▼▼▼

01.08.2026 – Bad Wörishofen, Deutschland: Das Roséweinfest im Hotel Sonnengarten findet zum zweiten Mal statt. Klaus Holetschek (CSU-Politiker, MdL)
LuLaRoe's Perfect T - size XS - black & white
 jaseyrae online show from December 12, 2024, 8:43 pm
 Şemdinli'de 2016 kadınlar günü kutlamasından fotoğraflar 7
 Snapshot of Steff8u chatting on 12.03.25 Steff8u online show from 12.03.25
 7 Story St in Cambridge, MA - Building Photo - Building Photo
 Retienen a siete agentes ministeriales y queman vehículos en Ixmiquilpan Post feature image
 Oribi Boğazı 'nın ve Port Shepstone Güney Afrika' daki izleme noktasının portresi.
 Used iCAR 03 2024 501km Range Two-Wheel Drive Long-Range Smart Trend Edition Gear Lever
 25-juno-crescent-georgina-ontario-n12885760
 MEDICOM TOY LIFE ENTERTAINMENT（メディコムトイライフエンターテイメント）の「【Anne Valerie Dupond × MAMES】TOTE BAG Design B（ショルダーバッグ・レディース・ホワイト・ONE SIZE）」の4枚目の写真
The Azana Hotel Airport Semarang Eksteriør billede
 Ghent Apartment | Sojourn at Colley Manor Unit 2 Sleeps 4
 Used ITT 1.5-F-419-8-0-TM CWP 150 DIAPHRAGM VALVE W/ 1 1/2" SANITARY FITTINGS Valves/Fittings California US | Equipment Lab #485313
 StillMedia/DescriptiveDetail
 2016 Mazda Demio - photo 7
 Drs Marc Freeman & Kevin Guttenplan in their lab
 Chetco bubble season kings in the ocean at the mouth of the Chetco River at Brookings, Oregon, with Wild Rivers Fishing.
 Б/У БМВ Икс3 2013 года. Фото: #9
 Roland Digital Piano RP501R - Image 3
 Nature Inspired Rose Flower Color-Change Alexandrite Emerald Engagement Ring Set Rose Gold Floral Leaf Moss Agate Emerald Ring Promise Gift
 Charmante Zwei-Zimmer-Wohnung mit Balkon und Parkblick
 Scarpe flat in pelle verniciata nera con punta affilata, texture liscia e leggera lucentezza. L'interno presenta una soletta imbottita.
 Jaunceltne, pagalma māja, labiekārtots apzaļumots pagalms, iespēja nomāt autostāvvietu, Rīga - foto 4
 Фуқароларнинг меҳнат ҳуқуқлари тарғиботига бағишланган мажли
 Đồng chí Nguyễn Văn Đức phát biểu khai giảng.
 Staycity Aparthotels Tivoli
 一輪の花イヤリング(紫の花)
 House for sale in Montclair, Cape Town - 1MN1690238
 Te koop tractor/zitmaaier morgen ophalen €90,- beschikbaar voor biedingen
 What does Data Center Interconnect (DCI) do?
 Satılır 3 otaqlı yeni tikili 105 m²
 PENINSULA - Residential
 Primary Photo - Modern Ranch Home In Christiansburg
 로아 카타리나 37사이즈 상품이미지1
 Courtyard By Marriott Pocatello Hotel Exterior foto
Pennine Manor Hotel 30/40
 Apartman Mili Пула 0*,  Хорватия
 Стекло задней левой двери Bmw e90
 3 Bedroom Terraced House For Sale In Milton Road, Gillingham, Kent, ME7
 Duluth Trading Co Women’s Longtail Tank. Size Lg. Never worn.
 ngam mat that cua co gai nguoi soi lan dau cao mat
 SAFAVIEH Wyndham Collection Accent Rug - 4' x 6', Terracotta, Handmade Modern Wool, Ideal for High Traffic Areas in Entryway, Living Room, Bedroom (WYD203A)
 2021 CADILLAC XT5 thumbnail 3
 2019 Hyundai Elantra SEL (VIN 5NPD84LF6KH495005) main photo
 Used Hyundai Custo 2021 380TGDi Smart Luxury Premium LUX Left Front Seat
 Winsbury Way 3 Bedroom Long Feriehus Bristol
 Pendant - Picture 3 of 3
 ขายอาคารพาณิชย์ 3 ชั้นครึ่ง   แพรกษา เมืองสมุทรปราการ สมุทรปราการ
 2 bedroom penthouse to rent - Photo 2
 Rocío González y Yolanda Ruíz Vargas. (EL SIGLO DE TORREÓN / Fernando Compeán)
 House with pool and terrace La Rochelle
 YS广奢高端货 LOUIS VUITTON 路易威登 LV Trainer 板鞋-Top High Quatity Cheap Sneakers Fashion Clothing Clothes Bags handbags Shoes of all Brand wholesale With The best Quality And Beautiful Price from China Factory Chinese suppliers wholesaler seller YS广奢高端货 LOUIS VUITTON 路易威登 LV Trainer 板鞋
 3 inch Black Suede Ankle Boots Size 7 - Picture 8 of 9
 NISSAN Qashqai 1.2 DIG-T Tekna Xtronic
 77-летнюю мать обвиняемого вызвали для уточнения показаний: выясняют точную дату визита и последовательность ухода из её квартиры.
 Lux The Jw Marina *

▲▲▲

◆ Instructions to follow: Filter the entries by the string "High" and copy each matching line.

◆ Response to the exercise:
 SAFAVIEH Wyndham Collection Accent Rug - 4' x 6', Terracotta, Handmade Modern Wool, Ideal for High Traffic Areas in Entryway, Living Room, Bedroom (WYD203A)
 YS广奢高端货 LOUIS VUITTON 路易威登 LV Trainer 板鞋-Top High Quatity Cheap Sneakers Fashion Clothing Clothes Bags handbags Shoes of all Brand wholesale With The best Quality And Beautiful Price from China Factory Chinese suppliers wholesaler seller YS广奢高端货 LOUIS VUITTON 路易威登 LV Trainer 板鞋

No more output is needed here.